Cerro Torre Controversy: Get Rid of Compressors Already
Seems most of us have moved on from the latest climbing world drama. Thank god. So I’ll sneak-in a quick suggestion that nobody can disagree with: Put the compressor in a museum. Uh-oh. I just remembered that this is climbing. And this is the Internet. I should revise my assertion: nobody reasonable could possibly argue that, somehow, a 300-pound metal engine belongs littered on the flanks of Cerro Torre.
Hardly anyone sees it up there anyway. Yet people clearly have a sentimental attachment to it (just look at the overblown reactions to this whole ordeal). Everybody agrees that it never belonged on Cerro Torre to begin with – notwithstanding a few “True Believers,” who also stand by Maestri’s 1959 hoax, and can’t be bothered by such trivialities as evidence and reason. Anyway, we can debate Hayden and Jason’s bolt removal ad nauseam (we’re well on our way, if not beyond). But the rusting heap of metal hanging on the side of Cerro Torre? C’mon. Even the True Believers. One word: museum. Maybe Argentina would even give the compressor to Italy, and then everyone would be happy.
Even those who use the nonsense argument that chopping some of the Compressor Route’s bolt-ladders was “elitist” would be pleased. Everyone can enjoy its namesake in a museum. You don’t even have to be a climber. What could be less elitist than that?

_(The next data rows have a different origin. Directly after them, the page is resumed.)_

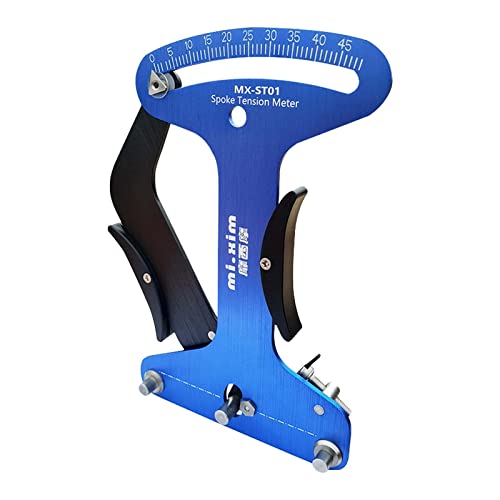 B Baosity Bicycle Tool Spoke Tension Meter, Mountain Bike Rim Tension Measuring & Adjustment Tool for Road Bike Wheel Spokes Check & Correction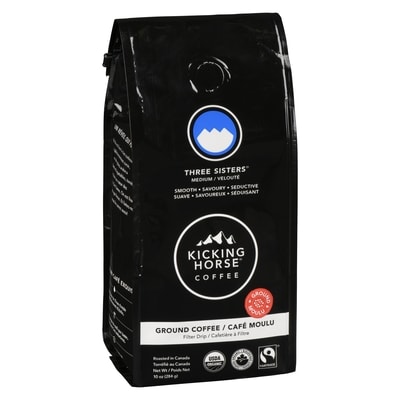 Organic Fairtrade Medium Roast Ground Coffee, Three Sisters
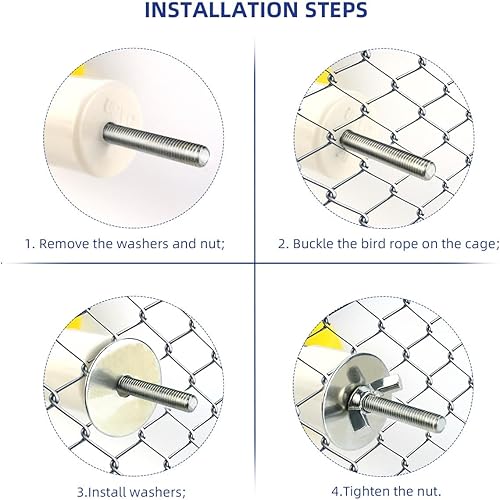 Miniatura 5 de Columpio de escalada con cuerda de periquito colorido (23.6 pulgadas)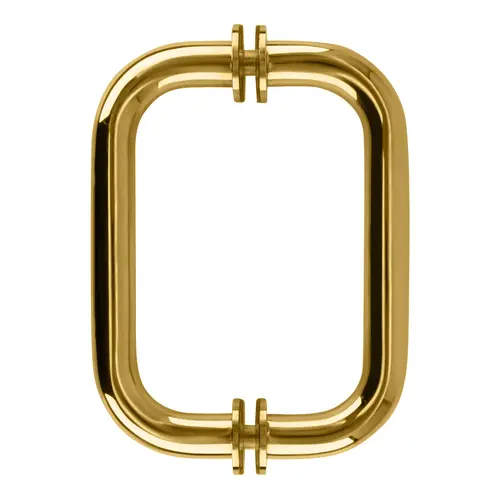Polished Brass 6" BM Series Tubular Back-to-Back Pull Handle Polished Brass 6" BM Series Tubular Back-to-Back Pull Handle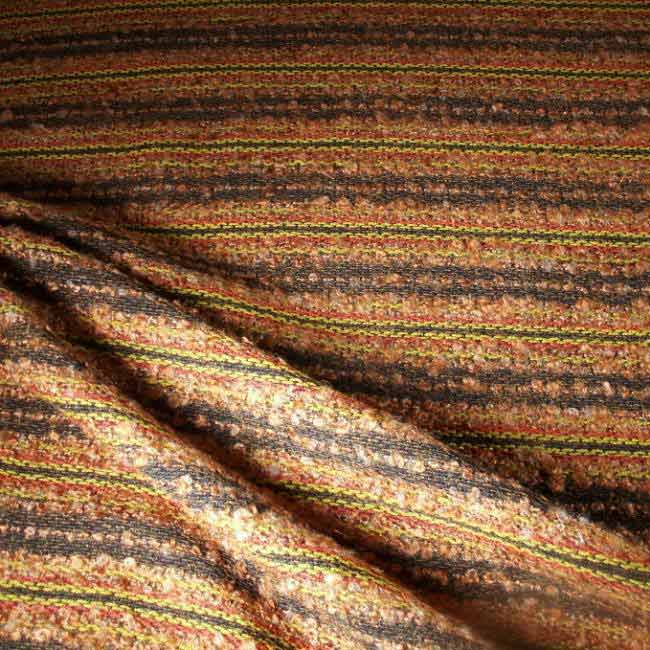 Tissu laine original rayures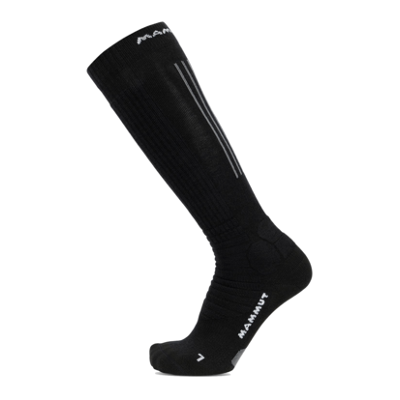 Mammut Atmungsaktive Skitourensocken aus Merinomix Ski Mountaineering Merino Knee Socks Schwarz M/39-41 Mammut Atmungsaktive Skitourensocken aus Merinomix Ski Mountaineering Merino Knee Socks Schwarz M/39-41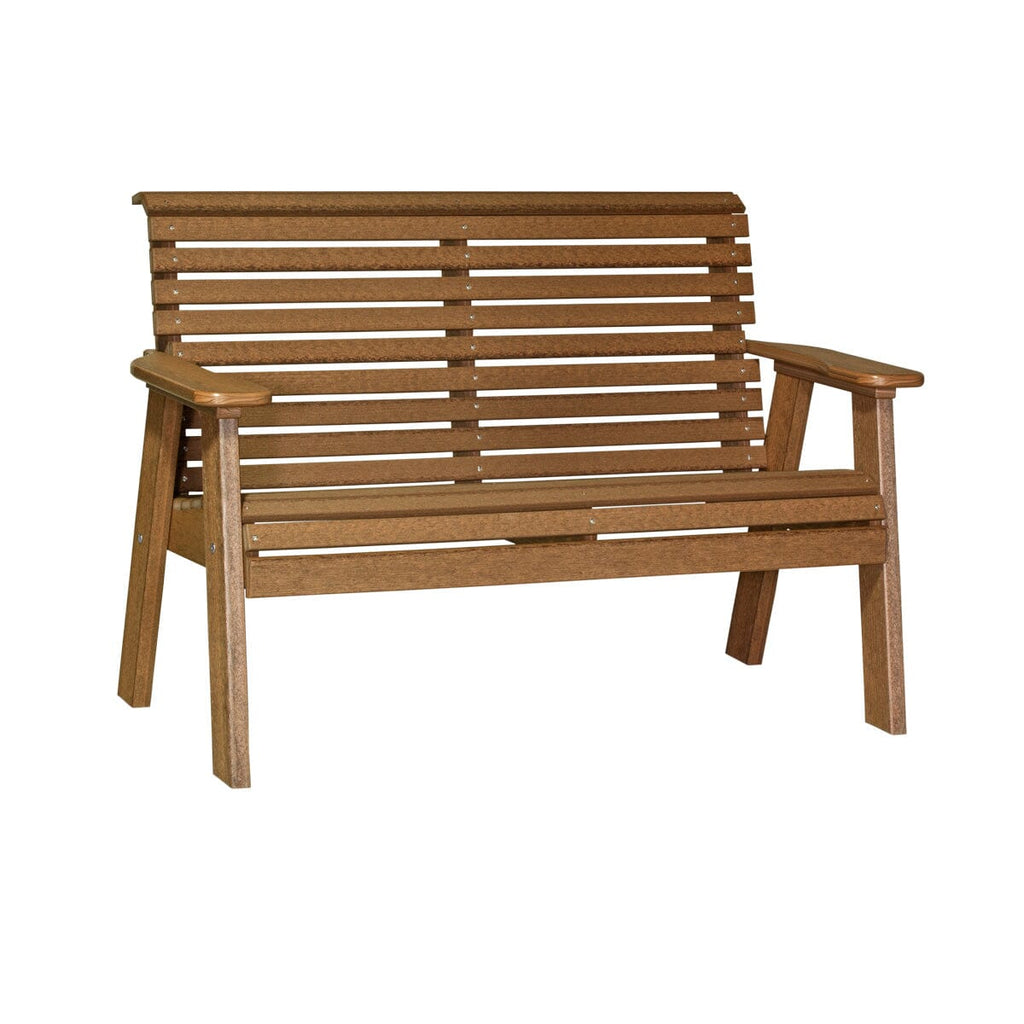 LuxCraft 4 Piece Plain Poly Bench & Table Set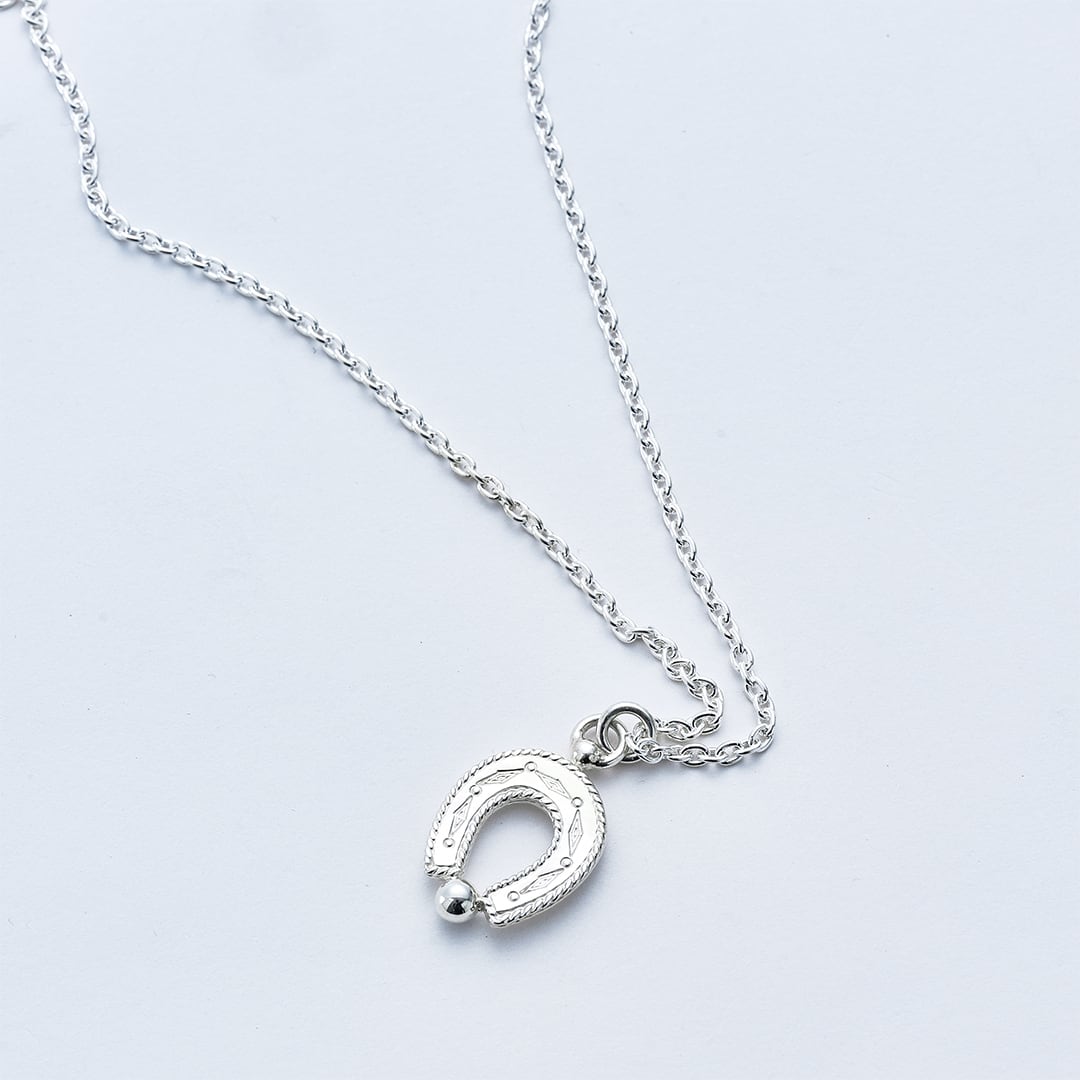 C-045 Spirit Horseshoe necklace (single) (45cm) | WAKAN SILVER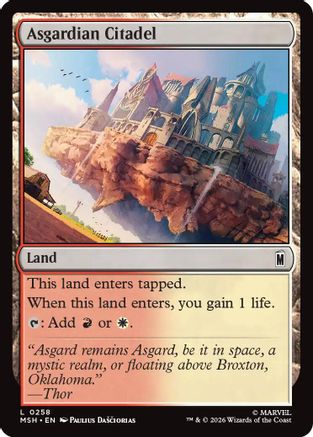 Asgardian Citadel (MSH-258) [Marvel Super Heroes] Foil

Seriously, why not haul it down, put it in a museum, or add it to the climbing display at the visitor’s center in El Chalten, where folks can see it? Perhaps the park service is considering it; I don’t know. But history is done. The Compressor Route happened. Nobody will forget it, and putting it on display might remind us, by way of sordid example, to respect the places we love. As we should. We accept some limited impact when we hike, ski, climb and venture into the mountains, but, “A gasoline-powered air compressor is not climbing equipment – it is industrial equipment,” as Colin Haley wrote in his excellent piece. It has no place in the mountains. Not in 1970, and not now.
After forty years of controversy, maybe something good can come from the Compressor Route: A reminder to keep wild places wild, treat them fairly and keep them clean. Put the compressor in a museum. Where it belongs.